8. S’agissant du chiffrage du préjudice, le requérant informe la Cour que, depuis la procédure au fond, il a découvert un certain nombre de documents officiels, notamment judiciaires ou de caractère public, permettant de connaître l’actif successoral et l’exacte mesure de son préjudice. Ces documents sont les suivants :

. déclaration de succession de l’actif successoral faite par la commune de Saint-Emilion, personne publique, par l’intermédiaire d’un notaire, officier public, pour un montant de 758 447,73 EUR ;

. évaluation du Service des Domaines en 2007 de la valeur de la propriété viticole « Château Badette » (appellation Saint-Emilion Grand‑Cru), ayant permis à la commune de Saint-Emilion de fixer le montant de la demande de droit de préemption de la SAFER (Société d’aménagement foncier et d’établissement rural - société de droit privé sans but lucratif, avec des missions d’intérêt général, placée sous tutelle des ministères de l’Agriculture et des Finances) à 6 500 000 EUR, le cahier des charges dressé sous la forme authentique par un notaire précisant que la mise à prix, soit le minimum de la valeur, était de 3 700 000 EUR ;

. un rapport d’expertise judiciaire, homologué par le tribunal de grande instance de Libourne par un jugement définitif du 26 janvier 2006 (dans le cadre d’une instance opposant la commune de Saint-Emilion à la SCEA ‑ société civile d’exploitation agricole ‑ Château Badette et son gérant), fixant à 7 942 EUR la valeur des parts de la SCEA du Château Badette à la date du décès de W.A., soit, pour 50 parts, 397 100 EUR, moins un abattement de 10%, la commune de Saint-Emilion étant une collectivité publique.
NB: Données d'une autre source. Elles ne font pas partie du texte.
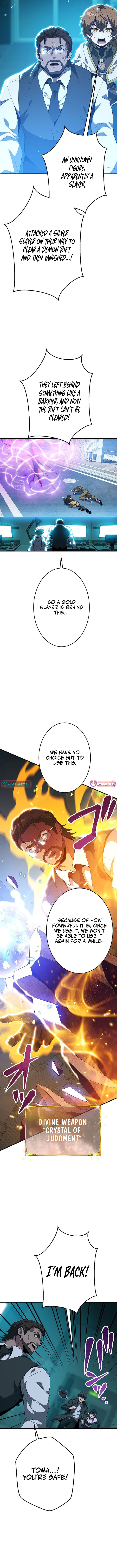 The Soot Chapter Covered Hero ~Saving the World with Dark Heretical Skills~ - Chapter 50 Page 3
9. Le requérant produit un état liquidatif établi à sa demande par un notaire le 9 novembre 2011, au vu de tous les éléments disponibles et dans les mêmes conditions qu’un règlement de succession qui se serait déroulé en 2002. Il en ressort qu’en sa qualité d’héritier réservataire de W.A., la somme de 3 452 001,67 EUR devait automatiquement lui revenir. Ce montant ne correspond pas à une évaluation, mais correspond au résultat de la prise en compte des documents, notamment judiciaires, opposables aux tiers et aux administrations.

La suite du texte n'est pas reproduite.